* [Exercise description]:
Please make an exact copy of the lines from the one holding "CITROEN C3 III" through the end of the data, both ends included, with no pictures.

* [Given material]:
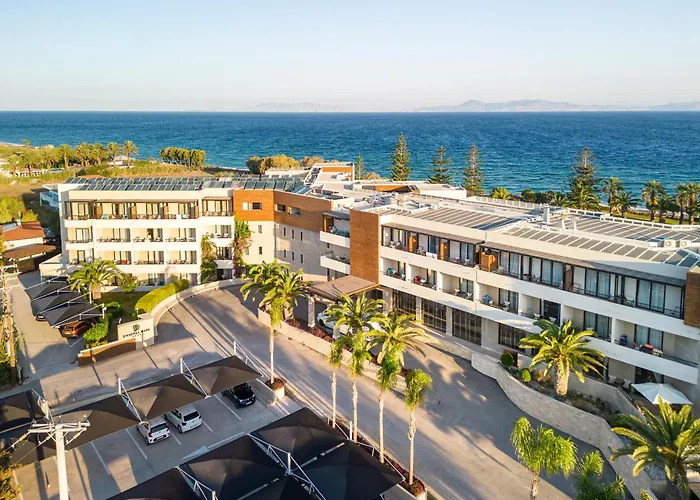D'Andrea Mare Hotel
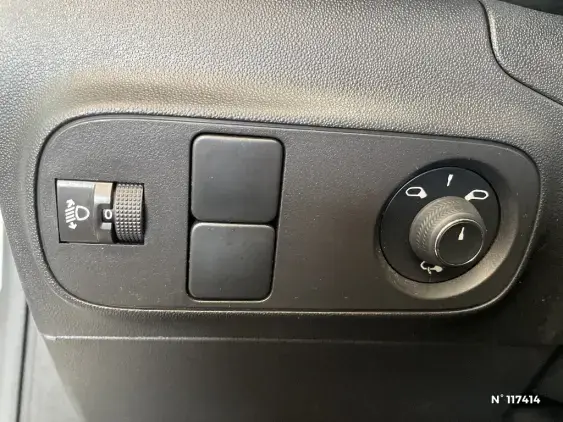 CITROEN C3 III - voiture d'occasion - Photo 15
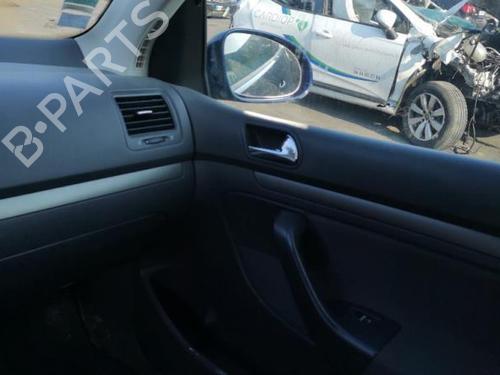 Front left seatbelt VW GOLF V (1K1) 1.9 TDI | BP25531860I26  - Image 18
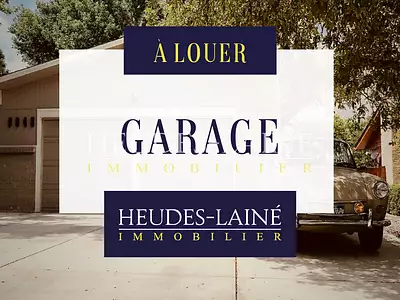 Parking, 40 m²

* [Result]:
 CITROEN C3 III - voiture d'occasion - Photo 15
 Front left seatbelt VW GOLF V (1K1) 1.9 TDI | BP25531860I26  - Image 18
 Parking, 40 m²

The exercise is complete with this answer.